▸ **THE DATA**
☆ ☆ ☆ ☆

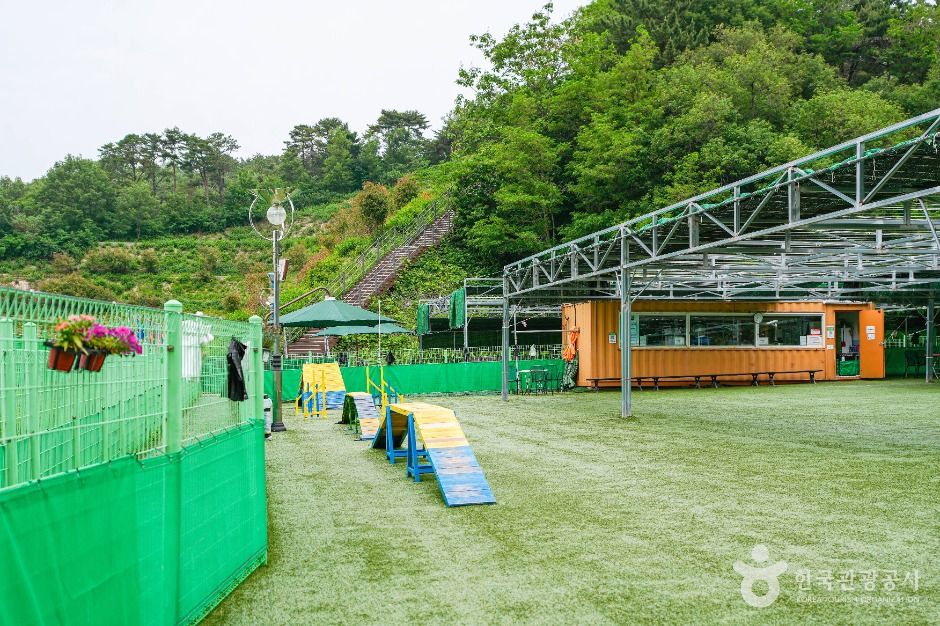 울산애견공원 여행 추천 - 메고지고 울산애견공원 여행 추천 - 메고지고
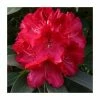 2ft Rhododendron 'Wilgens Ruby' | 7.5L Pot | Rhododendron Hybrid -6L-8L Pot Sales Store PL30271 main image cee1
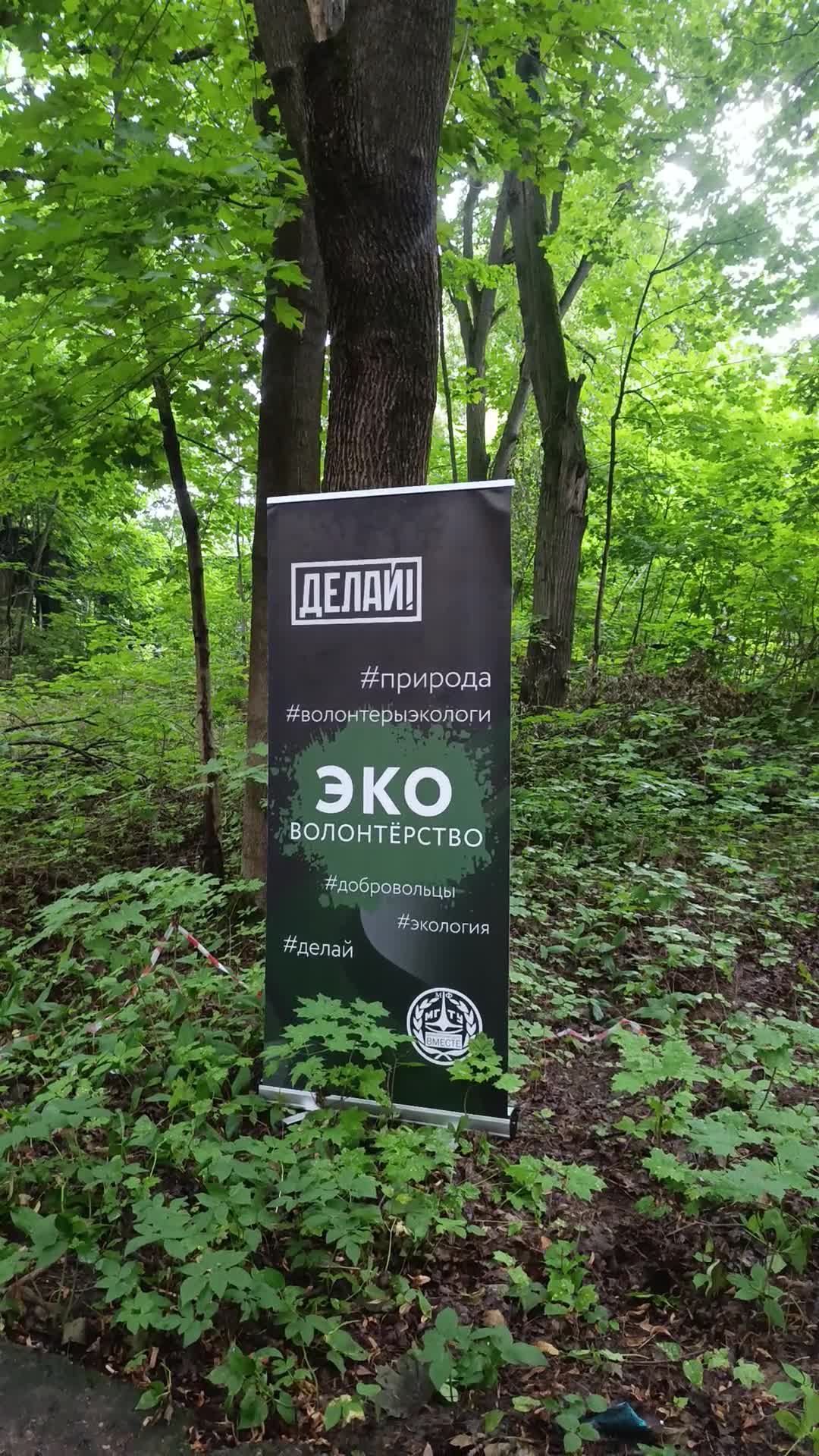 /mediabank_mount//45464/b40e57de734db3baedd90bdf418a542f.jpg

☆ ☆ ☆ ☆

▸ **WORK TO BE COMPLETED**
Set the listing down verbatim, excluding pictures.

▸ **RESPONSE BOX**
 울산애견공원 여행 추천 - 메고지고 울산애견공원 여행 추천 - 메고지고
 2ft Rhododendron 'Wilgens Ruby' | 7.5L Pot | Rhododendron Hybrid -6L-8L Pot Sales Store PL30271 main image cee1
 /mediabank_mount//45464/b40e57de734db3baedd90bdf418a542f.jpg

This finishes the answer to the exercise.